## TRY IT
The listing below must be returned in full and unchanged, without the images it carries.

--- INFORMATION SHOWN ---

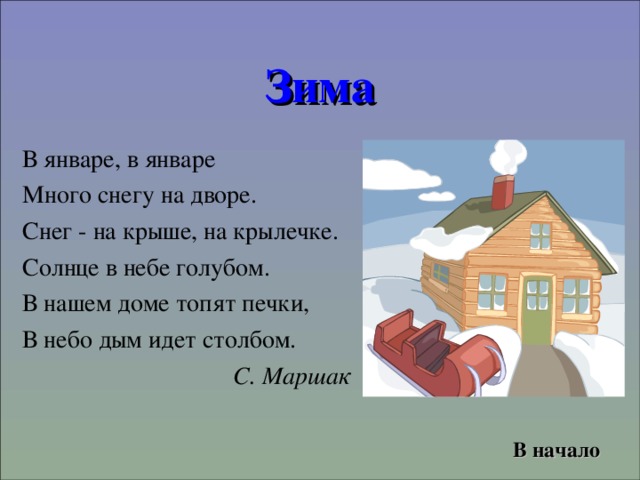 Зима В январе, в январе Много снегу на дворе. Снег - на крыше, на крылечке. Солнце в небе голубом. В нашем доме топят печки, В небо дым идет столбом. С. Маршак В начало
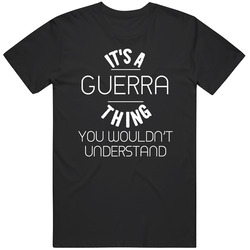Guerra Its A Thing You Wouldnt Understand Name Mens Soft Cotton Tee T Shirt
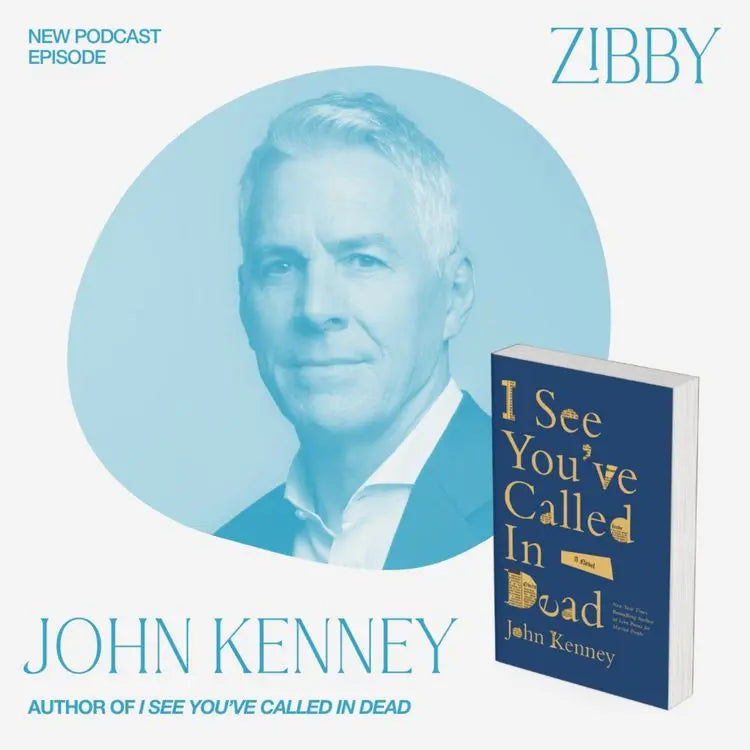 John-Kenney-I-SEE-YOU-VE-CALLED-IN-DEAD Zibby Media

---

## EXERCISE SOLUTION
 Зима В январе, в январе Много снегу на дворе. Снег - на крыше, на крылечке. Солнце в небе голубом. В нашем доме топят печки, В небо дым идет столбом. С. Маршак В начало
Guerra Its A Thing You Wouldnt Understand Name Mens Soft Cotton Tee T Shirt
 John-Kenney-I-SEE-YOU-VE-CALLED-IN-DEAD Zibby Media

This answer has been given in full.